Task prompt: When you reach the line with "KASTWAVE 4-in-1 Charger", transcribe it and each line after it through the last one below, exactly. Pictures stay out.

Data below:
====================
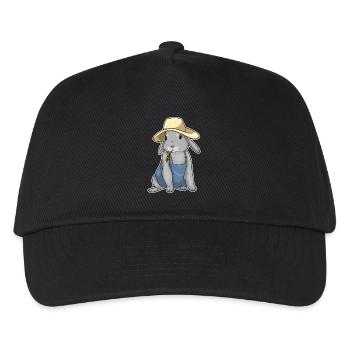 Hase Landwirt Weizen Bauernhof - Kinder Basecap - Schwarz - Vorne
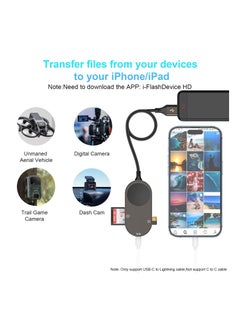 KASTWAVE 4-in-1 Charger Fit for Apple Watch +SD/TF Card Reader for iPhone/iPad,4FT Portable iWatch Magnetic Charger Cable for Watch Series SE/8/7/6/5 with SD/Micro SD Slot and USB C Port for OTG iPhone/ipad  - Image 5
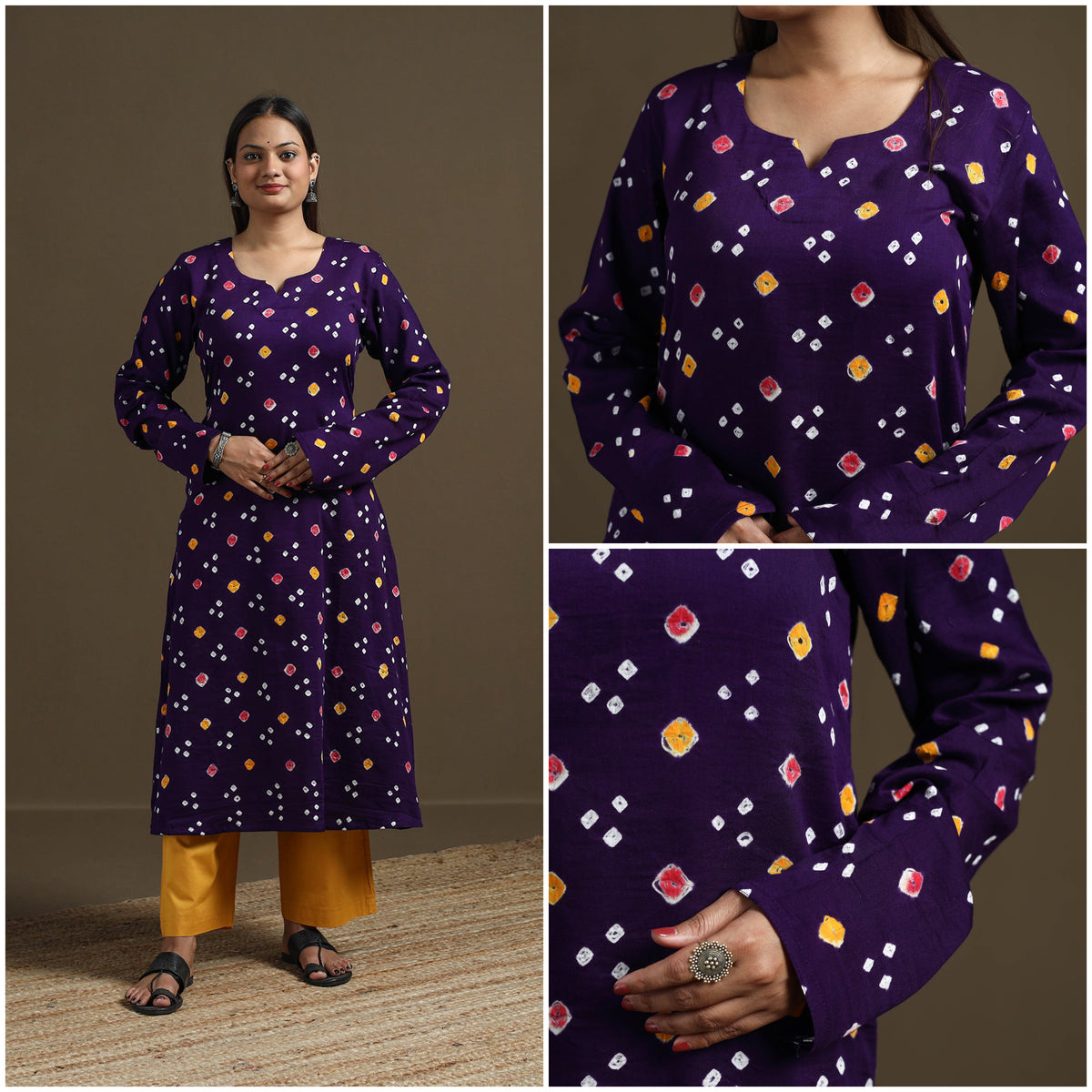 Deep Purple - Bandhani Cotton Multicolour Dots A-Line Kurta 02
====================
Solved exercise:
 KASTWAVE 4-in-1 Charger Fit for Apple Watch +SD/TF Card Reader for iPhone/iPad,4FT Portable iWatch Magnetic Charger Cable for Watch Series SE/8/7/6/5 with SD/Micro SD Slot and USB C Port for OTG iPhone/ipad  - Image 5
 Deep Purple - Bandhani Cotton Multicolour Dots A-Line Kurta 02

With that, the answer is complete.